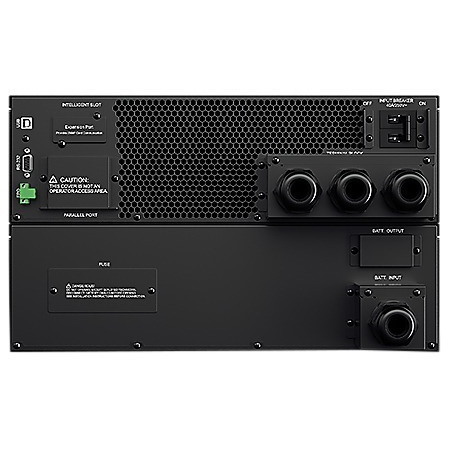 CyberPower Online S OLS6000ERT6UM Double Conversion Online UPS - 6 kVA/5.40 kW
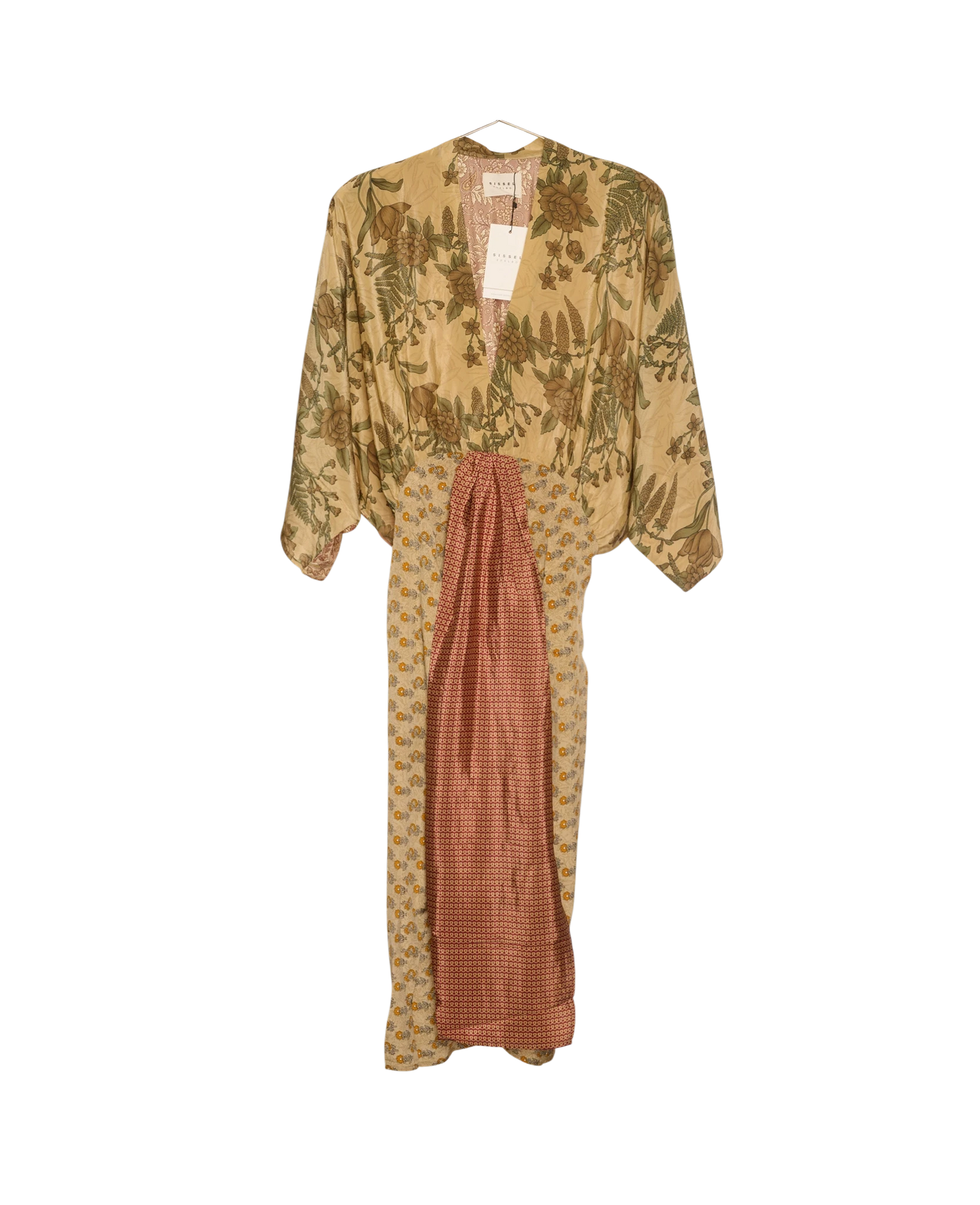 Juno Mix Dress - No. 701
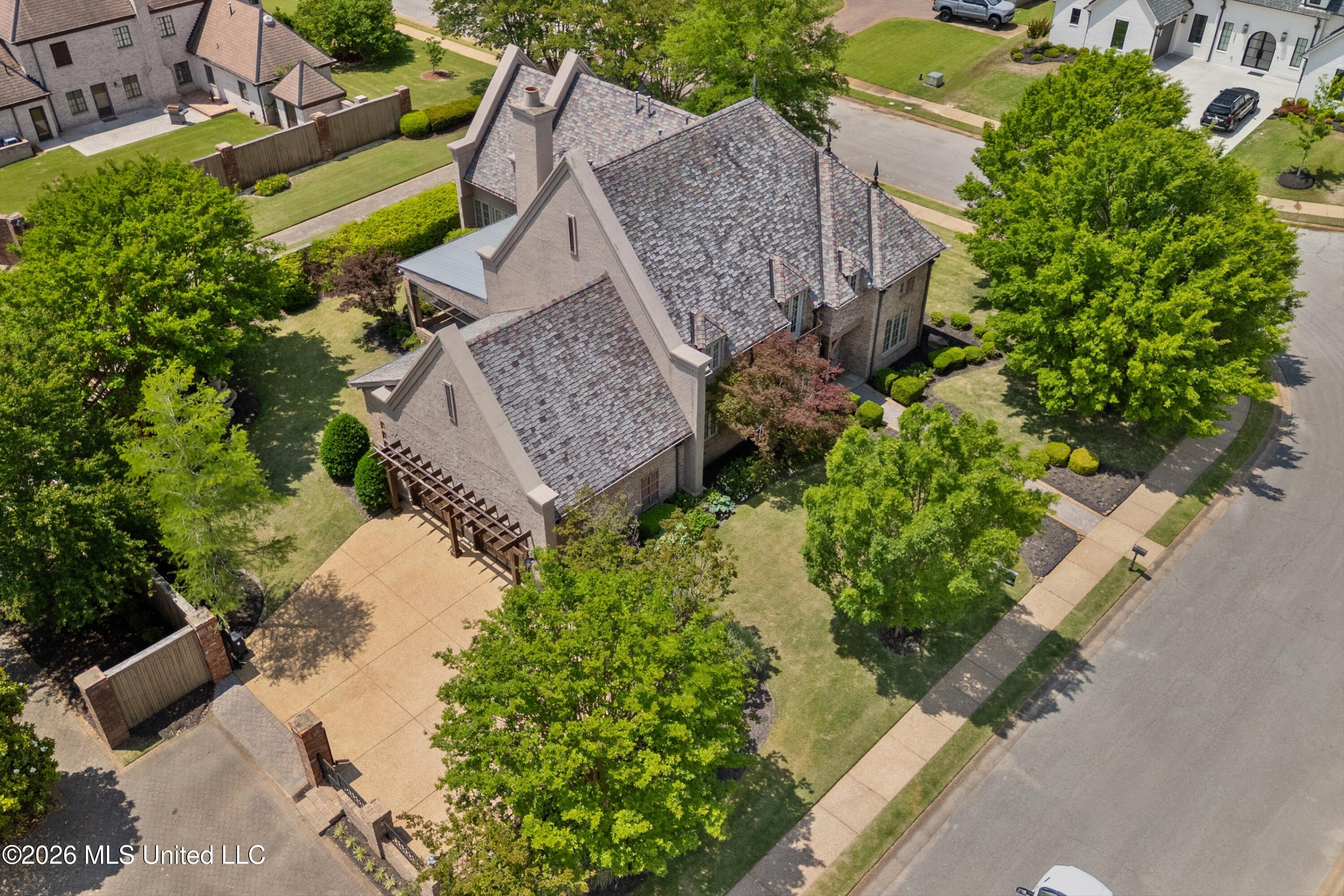 4891 N Fleur De Lis Property Photo 44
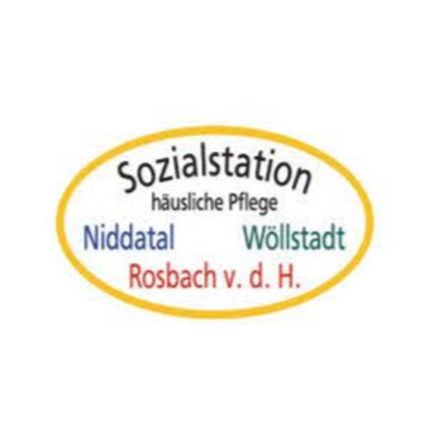 Logo von Sozialstation häusliche Pflege Niddatal, Rosbach, Wöllstadt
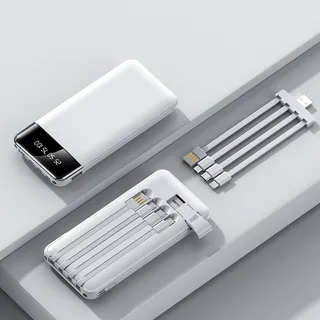 Mini Portable Power Bank 10000mAh 2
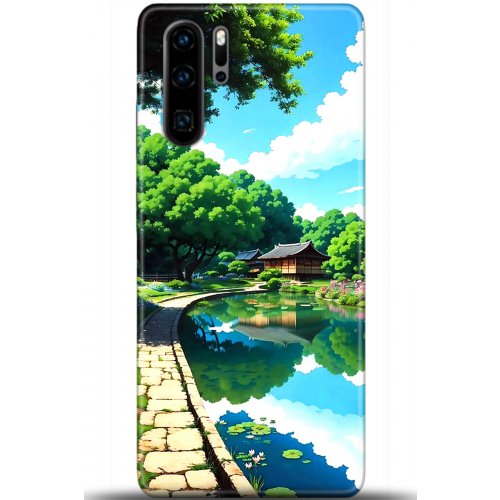 Uyumlu Kılıf HD Baskılı Kılıf - Followed Institution 5463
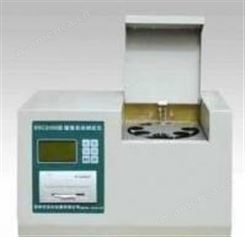 BSC-2006变压器油酸值测定仪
• • •
- [Work request]: Exclude the pictures and reproduce every entry exactly.

- [Written reply]:
 CyberPower Online S OLS6000ERT6UM Double Conversion Online UPS - 6 kVA/5.40 kW
 Juno Mix Dress - No. 701
 4891 N Fleur De Lis Property Photo 44
 Logo von Sozialstation häusliche Pflege Niddatal, Rosbach, Wöllstadt
 Mini Portable Power Bank 10000mAh 2
 Uyumlu Kılıf HD Baskılı Kılıf - Followed Institution 5463
 BSC-2006变压器油酸值测定仪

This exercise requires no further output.